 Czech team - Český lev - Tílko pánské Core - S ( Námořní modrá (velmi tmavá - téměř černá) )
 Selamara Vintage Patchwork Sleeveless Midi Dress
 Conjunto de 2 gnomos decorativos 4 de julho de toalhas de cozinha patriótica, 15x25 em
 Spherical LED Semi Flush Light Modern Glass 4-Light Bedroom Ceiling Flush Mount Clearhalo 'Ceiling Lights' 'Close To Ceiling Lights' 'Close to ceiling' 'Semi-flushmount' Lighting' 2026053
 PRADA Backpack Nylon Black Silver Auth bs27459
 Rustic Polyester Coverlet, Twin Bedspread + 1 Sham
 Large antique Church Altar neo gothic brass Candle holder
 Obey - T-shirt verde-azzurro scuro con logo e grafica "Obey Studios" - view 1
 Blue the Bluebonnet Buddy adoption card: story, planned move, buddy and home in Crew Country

* * *

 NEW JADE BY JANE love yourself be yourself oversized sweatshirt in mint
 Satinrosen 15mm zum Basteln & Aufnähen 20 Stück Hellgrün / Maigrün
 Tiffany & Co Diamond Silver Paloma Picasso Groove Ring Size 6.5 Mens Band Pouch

_Exercise description_. In the listing above, locate the line containing "Czech team - Český" and the line containing "PRADA Backpack Nylon". Extract those two lines and every line between them, exactly as written, and only those.

_Task result_.
 Czech team - Český lev - Tílko pánské Core - S ( Námořní modrá (velmi tmavá - téměř černá) )
 Selamara Vintage Patchwork Sleeveless Midi Dress
 Conjunto de 2 gnomos decorativos 4 de julho de toalhas de cozinha patriótica, 15x25 em
 Spherical LED Semi Flush Light Modern Glass 4-Light Bedroom Ceiling Flush Mount Clearhalo 'Ceiling Lights' 'Close To Ceiling Lights' 'Close to ceiling' 'Semi-flushmount' Lighting' 2026053
 PRADA Backpack Nylon Black Silver Auth bs27459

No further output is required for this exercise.